[INSTRUCTIONS TO FOLLOW]: Print this span of the material below exactly: the line with "SuperFood Festival", the line with "What Is a Maid", and every line between them, but nothing else.

[DATA TO EXAMINE]:
----
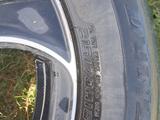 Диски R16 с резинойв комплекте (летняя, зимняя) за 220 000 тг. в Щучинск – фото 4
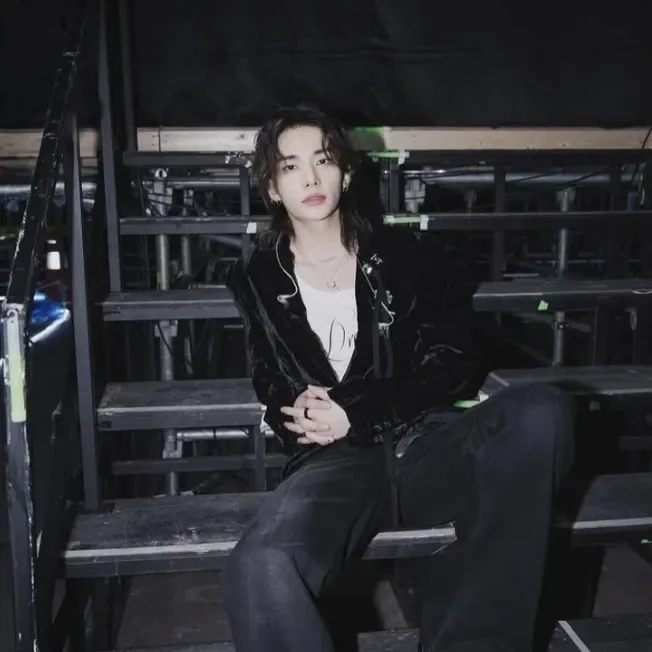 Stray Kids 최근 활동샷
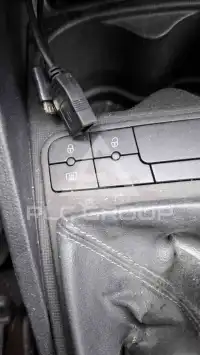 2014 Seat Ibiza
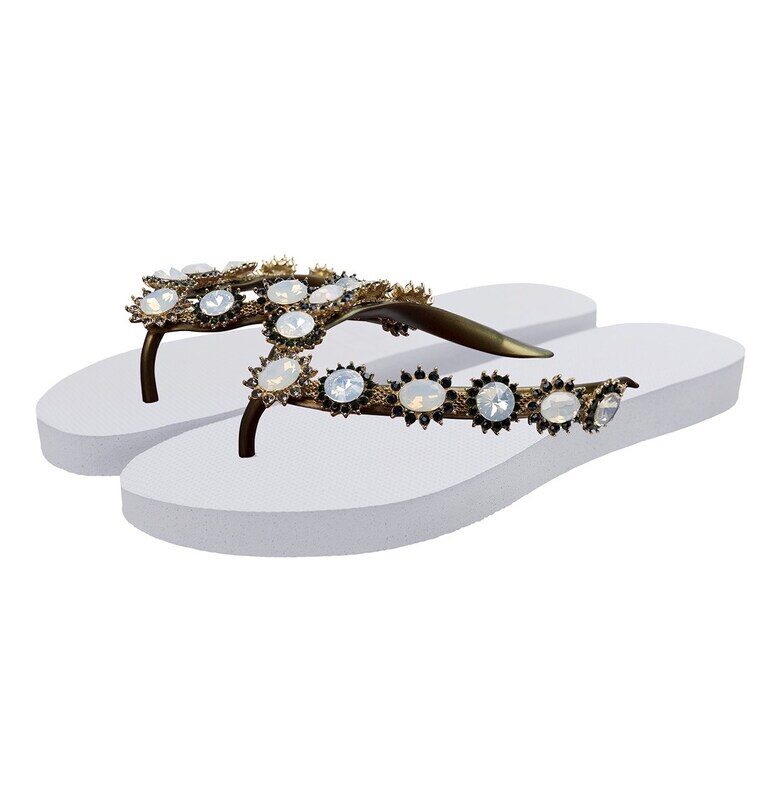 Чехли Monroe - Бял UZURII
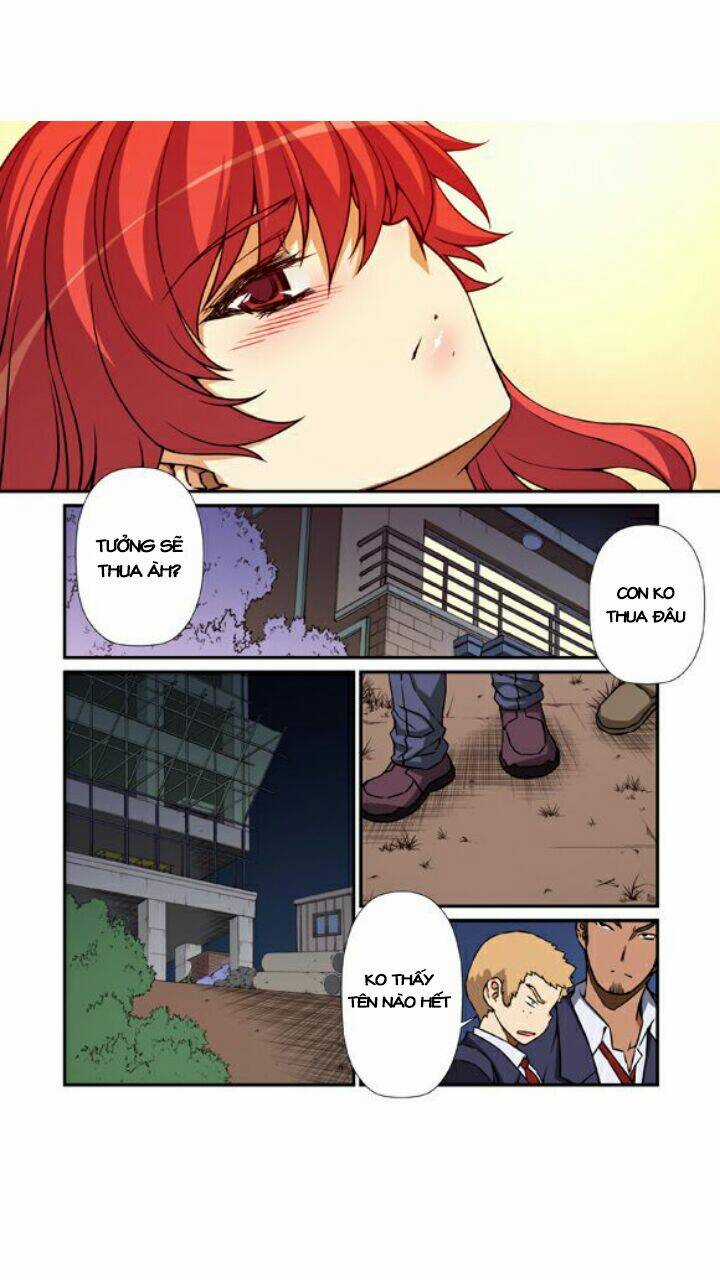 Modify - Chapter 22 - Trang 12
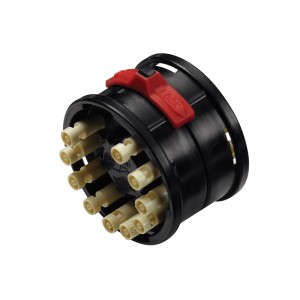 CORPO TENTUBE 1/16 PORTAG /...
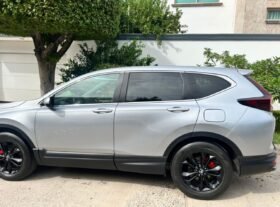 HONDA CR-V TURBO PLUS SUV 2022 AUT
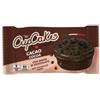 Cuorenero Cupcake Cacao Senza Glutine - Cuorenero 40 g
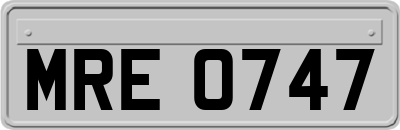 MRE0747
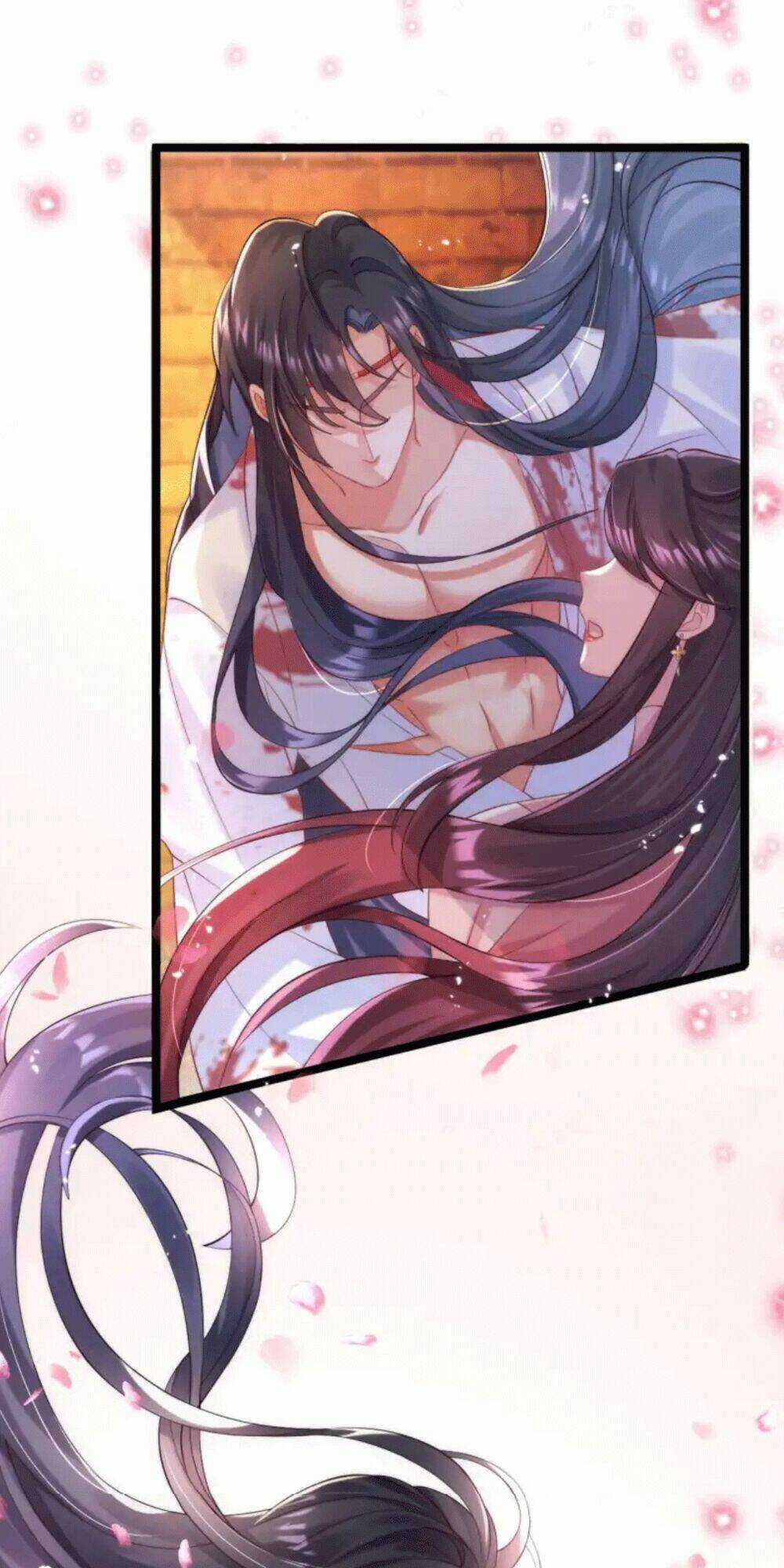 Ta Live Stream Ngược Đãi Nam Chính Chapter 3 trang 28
----
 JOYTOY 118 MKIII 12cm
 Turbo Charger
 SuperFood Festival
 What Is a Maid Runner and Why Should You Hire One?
----
[EXERCISE RESULT]:
 SuperFood Festival
 What Is a Maid Runner and Why Should You Hire One?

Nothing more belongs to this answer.